From a Distant Shore
by Wendy Howe
I (The Prophecy) White snow, Shinto bells prompt a chill to fall as they warn and weep. Stones will shift and waters will heap waves of salt, wide sorrow while strangers mourn, miles off safe in their hills, tonight tomorrow and beyond tomorrow. II (Coming of The Yürei) California, your coastal gardens own rock and cypress but spare acreage for the green bamboo. Sprays of sunlight diverge through the trees while close behind, a woman glides concealing her form in a long shroud of hair. Not mortal but mere shadow she has been cast by The Archipelago Mother who once chose to corset her soul in stone and timber rather than bone and sinew as she fell from the sky shattering into small islands, the wind at hand to give her breath and weave fate on a loom of climatic strings. Hot, cold, dry, wet wings, seed and scent have all caused diverse blends, decades never the same. And now California your coastal gardens house a dire figment of these — she is prayer she is need she is grief as you watch with an eardrum catching the rush of a morning sea.

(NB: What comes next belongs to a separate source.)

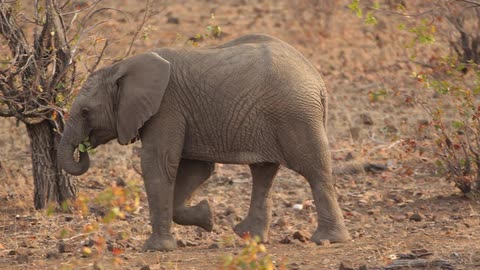 A young elephant walking around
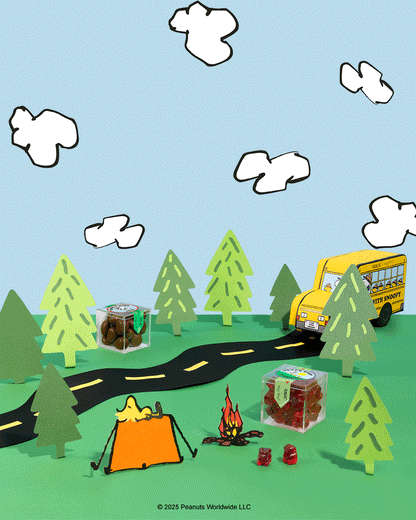 Camp With Snoopy 2Pc Bento Box® Peanuts®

"Yürei" is the Japanese concept of a ghost. The female apparition usually appears wearing a white kimono with her black hair loose and wind-swept. Most often, she has died in a sudden or violent manner without proper burial rites; or she is still (after death) influenced by powerful emotions that keep her earthbound until the conflict is resolved.
Wendy Howe is a free lance writer who lives with her partner in the high desert of Southern California. She has traveled the hills, canyons and coastline of the Pacific including the islands of Oahu and Maui. She also travels through time, myth and history as a mental shape-shifter, a poet. Her works have been published in diverse literary journals and two recent anthologies exploring myth and women's issues which include Lilith and Postcards From Eve. A lover of fresh picked fruit, she adores raspberries, ripe and plucked from their garden stalk, but when hearing the word "Cherry," she immediately thinks of the poem, Goblin Market, by Christina Rosetti, and those luscious lines that give a litany of fruited splendor.